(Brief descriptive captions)
━━━━━━━━━━

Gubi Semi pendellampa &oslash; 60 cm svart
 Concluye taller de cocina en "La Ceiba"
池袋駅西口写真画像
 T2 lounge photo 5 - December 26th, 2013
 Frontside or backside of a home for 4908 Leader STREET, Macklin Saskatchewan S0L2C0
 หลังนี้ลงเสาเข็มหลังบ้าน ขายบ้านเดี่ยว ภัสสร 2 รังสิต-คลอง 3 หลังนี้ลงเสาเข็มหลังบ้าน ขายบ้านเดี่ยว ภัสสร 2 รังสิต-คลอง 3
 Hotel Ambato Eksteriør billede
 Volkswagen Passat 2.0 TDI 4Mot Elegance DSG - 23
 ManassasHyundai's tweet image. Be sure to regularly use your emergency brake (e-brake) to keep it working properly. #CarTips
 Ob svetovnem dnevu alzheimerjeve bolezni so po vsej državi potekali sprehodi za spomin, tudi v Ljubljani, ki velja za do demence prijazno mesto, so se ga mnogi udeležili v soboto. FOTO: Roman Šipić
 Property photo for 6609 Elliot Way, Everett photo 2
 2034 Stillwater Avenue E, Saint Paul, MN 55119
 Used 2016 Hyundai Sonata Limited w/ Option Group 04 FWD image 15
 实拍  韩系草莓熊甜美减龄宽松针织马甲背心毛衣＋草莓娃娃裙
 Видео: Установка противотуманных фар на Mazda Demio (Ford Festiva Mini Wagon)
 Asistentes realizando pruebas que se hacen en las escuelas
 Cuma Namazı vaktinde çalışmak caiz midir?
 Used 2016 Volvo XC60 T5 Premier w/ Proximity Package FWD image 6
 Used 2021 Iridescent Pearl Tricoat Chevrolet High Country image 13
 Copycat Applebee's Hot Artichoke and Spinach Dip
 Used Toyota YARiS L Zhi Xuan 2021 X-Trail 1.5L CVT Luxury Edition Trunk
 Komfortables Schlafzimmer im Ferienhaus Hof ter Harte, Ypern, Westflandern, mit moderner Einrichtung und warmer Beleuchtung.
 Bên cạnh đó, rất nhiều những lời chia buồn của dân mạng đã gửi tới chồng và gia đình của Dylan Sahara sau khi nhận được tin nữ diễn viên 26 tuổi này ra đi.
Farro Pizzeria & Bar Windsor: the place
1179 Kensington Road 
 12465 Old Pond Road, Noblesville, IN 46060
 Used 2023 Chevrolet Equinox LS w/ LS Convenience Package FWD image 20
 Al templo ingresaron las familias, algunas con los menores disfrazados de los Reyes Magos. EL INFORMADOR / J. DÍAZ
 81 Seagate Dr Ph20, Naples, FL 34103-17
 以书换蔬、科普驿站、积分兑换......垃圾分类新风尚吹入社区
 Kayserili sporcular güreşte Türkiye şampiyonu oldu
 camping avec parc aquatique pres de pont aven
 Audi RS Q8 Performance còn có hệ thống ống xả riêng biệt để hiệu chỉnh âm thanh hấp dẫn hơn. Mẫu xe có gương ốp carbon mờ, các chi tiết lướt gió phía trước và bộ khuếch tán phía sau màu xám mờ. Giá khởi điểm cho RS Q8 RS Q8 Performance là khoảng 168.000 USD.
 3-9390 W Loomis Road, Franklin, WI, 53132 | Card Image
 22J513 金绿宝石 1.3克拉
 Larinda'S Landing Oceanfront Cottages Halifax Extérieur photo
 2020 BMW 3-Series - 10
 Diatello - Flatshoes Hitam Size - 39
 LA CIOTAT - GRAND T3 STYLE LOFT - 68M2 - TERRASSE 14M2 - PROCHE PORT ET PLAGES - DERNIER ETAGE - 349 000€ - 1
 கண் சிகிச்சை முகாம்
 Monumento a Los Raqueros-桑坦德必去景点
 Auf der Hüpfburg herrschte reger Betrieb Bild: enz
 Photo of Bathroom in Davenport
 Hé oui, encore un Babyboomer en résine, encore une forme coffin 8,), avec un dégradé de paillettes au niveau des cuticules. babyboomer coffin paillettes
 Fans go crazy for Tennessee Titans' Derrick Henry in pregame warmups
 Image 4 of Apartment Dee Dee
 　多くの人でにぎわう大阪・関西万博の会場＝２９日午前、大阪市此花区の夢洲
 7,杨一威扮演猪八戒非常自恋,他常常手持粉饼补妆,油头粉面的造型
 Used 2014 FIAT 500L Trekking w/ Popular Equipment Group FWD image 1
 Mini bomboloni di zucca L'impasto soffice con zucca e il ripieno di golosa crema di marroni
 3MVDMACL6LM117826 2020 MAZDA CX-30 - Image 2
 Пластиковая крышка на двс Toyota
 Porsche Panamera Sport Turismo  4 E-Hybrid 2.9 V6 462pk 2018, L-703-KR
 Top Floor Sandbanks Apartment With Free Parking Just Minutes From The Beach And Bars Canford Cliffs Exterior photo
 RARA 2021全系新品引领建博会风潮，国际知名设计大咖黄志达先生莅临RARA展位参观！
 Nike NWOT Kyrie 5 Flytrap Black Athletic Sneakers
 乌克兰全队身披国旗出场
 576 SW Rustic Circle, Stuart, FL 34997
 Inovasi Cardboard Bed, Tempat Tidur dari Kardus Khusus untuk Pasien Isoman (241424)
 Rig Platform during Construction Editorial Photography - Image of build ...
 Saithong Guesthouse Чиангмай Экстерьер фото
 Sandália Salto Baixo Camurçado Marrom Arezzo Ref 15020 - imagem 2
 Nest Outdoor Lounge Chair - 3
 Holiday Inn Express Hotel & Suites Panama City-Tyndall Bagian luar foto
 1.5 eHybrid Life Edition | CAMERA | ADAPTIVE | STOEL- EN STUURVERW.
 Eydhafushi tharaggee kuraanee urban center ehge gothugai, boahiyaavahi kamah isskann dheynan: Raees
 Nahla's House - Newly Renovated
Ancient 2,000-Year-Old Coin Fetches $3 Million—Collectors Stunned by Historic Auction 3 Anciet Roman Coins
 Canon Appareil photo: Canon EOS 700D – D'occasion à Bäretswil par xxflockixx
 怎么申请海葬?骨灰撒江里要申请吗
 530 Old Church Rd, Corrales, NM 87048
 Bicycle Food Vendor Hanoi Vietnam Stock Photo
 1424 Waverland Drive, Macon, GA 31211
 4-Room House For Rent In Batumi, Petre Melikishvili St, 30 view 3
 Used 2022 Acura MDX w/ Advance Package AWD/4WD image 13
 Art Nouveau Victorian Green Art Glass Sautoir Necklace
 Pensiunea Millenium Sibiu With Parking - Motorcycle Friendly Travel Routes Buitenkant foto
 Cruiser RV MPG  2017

━━━━━━━━━━

> **Aim of the exercise**:
Restate the records above in full, keeping each line exactly as it stands.

> **Task output**:
Gubi Semi pendellampa &oslash; 60 cm svart
 Concluye taller de cocina en "La Ceiba"
池袋駅西口写真画像
 T2 lounge photo 5 - December 26th, 2013
 Frontside or backside of a home for 4908 Leader STREET, Macklin Saskatchewan S0L2C0
 หลังนี้ลงเสาเข็มหลังบ้าน ขายบ้านเดี่ยว ภัสสร 2 รังสิต-คลอง 3 หลังนี้ลงเสาเข็มหลังบ้าน ขายบ้านเดี่ยว ภัสสร 2 รังสิต-คลอง 3
 Hotel Ambato Eksteriør billede
 Volkswagen Passat 2.0 TDI 4Mot Elegance DSG - 23
 ManassasHyundai's tweet image. Be sure to regularly use your emergency brake (e-brake) to keep it working properly. #CarTips
 Ob svetovnem dnevu alzheimerjeve bolezni so po vsej državi potekali sprehodi za spomin, tudi v Ljubljani, ki velja za do demence prijazno mesto, so se ga mnogi udeležili v soboto. FOTO: Roman Šipić
 Property photo for 6609 Elliot Way, Everett photo 2
 2034 Stillwater Avenue E, Saint Paul, MN 55119
 Used 2016 Hyundai Sonata Limited w/ Option Group 04 FWD image 15
 实拍  韩系草莓熊甜美减龄宽松针织马甲背心毛衣＋草莓娃娃裙
 Видео: Установка противотуманных фар на Mazda Demio (Ford Festiva Mini Wagon)
 Asistentes realizando pruebas que se hacen en las escuelas
 Cuma Namazı vaktinde çalışmak caiz midir?
 Used 2016 Volvo XC60 T5 Premier w/ Proximity Package FWD image 6
 Used 2021 Iridescent Pearl Tricoat Chevrolet High Country image 13
 Copycat Applebee's Hot Artichoke and Spinach Dip
 Used Toyota YARiS L Zhi Xuan 2021 X-Trail 1.5L CVT Luxury Edition Trunk
 Komfortables Schlafzimmer im Ferienhaus Hof ter Harte, Ypern, Westflandern, mit moderner Einrichtung und warmer Beleuchtung.
 Bên cạnh đó, rất nhiều những lời chia buồn của dân mạng đã gửi tới chồng và gia đình của Dylan Sahara sau khi nhận được tin nữ diễn viên 26 tuổi này ra đi.
Farro Pizzeria & Bar Windsor: the place
1179 Kensington Road 
 12465 Old Pond Road, Noblesville, IN 46060
 Used 2023 Chevrolet Equinox LS w/ LS Convenience Package FWD image 20
 Al templo ingresaron las familias, algunas con los menores disfrazados de los Reyes Magos. EL INFORMADOR / J. DÍAZ
 81 Seagate Dr Ph20, Naples, FL 34103-17
 以书换蔬、科普驿站、积分兑换......垃圾分类新风尚吹入社区
 Kayserili sporcular güreşte Türkiye şampiyonu oldu
 camping avec parc aquatique pres de pont aven
 Audi RS Q8 Performance còn có hệ thống ống xả riêng biệt để hiệu chỉnh âm thanh hấp dẫn hơn. Mẫu xe có gương ốp carbon mờ, các chi tiết lướt gió phía trước và bộ khuếch tán phía sau màu xám mờ. Giá khởi điểm cho RS Q8 RS Q8 Performance là khoảng 168.000 USD.
 3-9390 W Loomis Road, Franklin, WI, 53132 | Card Image
 22J513 金绿宝石 1.3克拉
 Larinda'S Landing Oceanfront Cottages Halifax Extérieur photo
 2020 BMW 3-Series - 10
 Diatello - Flatshoes Hitam Size - 39
 LA CIOTAT - GRAND T3 STYLE LOFT - 68M2 - TERRASSE 14M2 - PROCHE PORT ET PLAGES - DERNIER ETAGE - 349 000€ - 1
 கண் சிகிச்சை முகாம்
 Monumento a Los Raqueros-桑坦德必去景点
 Auf der Hüpfburg herrschte reger Betrieb Bild: enz
 Photo of Bathroom in Davenport
 Hé oui, encore un Babyboomer en résine, encore une forme coffin 8,), avec un dégradé de paillettes au niveau des cuticules. babyboomer coffin paillettes
 Fans go crazy for Tennessee Titans' Derrick Henry in pregame warmups
 Image 4 of Apartment Dee Dee
 　多くの人でにぎわう大阪・関西万博の会場＝２９日午前、大阪市此花区の夢洲
 7,杨一威扮演猪八戒非常自恋,他常常手持粉饼补妆,油头粉面的造型
 Used 2014 FIAT 500L Trekking w/ Popular Equipment Group FWD image 1
 Mini bomboloni di zucca L'impasto soffice con zucca e il ripieno di golosa crema di marroni
 3MVDMACL6LM117826 2020 MAZDA CX-30 - Image 2
 Пластиковая крышка на двс Toyota
 Porsche Panamera Sport Turismo  4 E-Hybrid 2.9 V6 462pk 2018, L-703-KR
 Top Floor Sandbanks Apartment With Free Parking Just Minutes From The Beach And Bars Canford Cliffs Exterior photo
 RARA 2021全系新品引领建博会风潮，国际知名设计大咖黄志达先生莅临RARA展位参观！
 Nike NWOT Kyrie 5 Flytrap Black Athletic Sneakers
 乌克兰全队身披国旗出场
 576 SW Rustic Circle, Stuart, FL 34997
 Inovasi Cardboard Bed, Tempat Tidur dari Kardus Khusus untuk Pasien Isoman (241424)
 Rig Platform during Construction Editorial Photography - Image of build ...
 Saithong Guesthouse Чиангмай Экстерьер фото
 Sandália Salto Baixo Camurçado Marrom Arezzo Ref 15020 - imagem 2
 Nest Outdoor Lounge Chair - 3
 Holiday Inn Express Hotel & Suites Panama City-Tyndall Bagian luar foto
 1.5 eHybrid Life Edition | CAMERA | ADAPTIVE | STOEL- EN STUURVERW.
 Eydhafushi tharaggee kuraanee urban center ehge gothugai, boahiyaavahi kamah isskann dheynan: Raees
 Nahla's House - Newly Renovated
Ancient 2,000-Year-Old Coin Fetches $3 Million—Collectors Stunned by Historic Auction 3 Anciet Roman Coins
 Canon Appareil photo: Canon EOS 700D – D'occasion à Bäretswil par xxflockixx
 怎么申请海葬?骨灰撒江里要申请吗
 530 Old Church Rd, Corrales, NM 87048
 Bicycle Food Vendor Hanoi Vietnam Stock Photo
 1424 Waverland Drive, Macon, GA 31211
 4-Room House For Rent In Batumi, Petre Melikishvili St, 30 view 3
 Used 2022 Acura MDX w/ Advance Package AWD/4WD image 13
 Art Nouveau Victorian Green Art Glass Sautoir Necklace
 Pensiunea Millenium Sibiu With Parking - Motorcycle Friendly Travel Routes Buitenkant foto
 Cruiser RV MPG  2017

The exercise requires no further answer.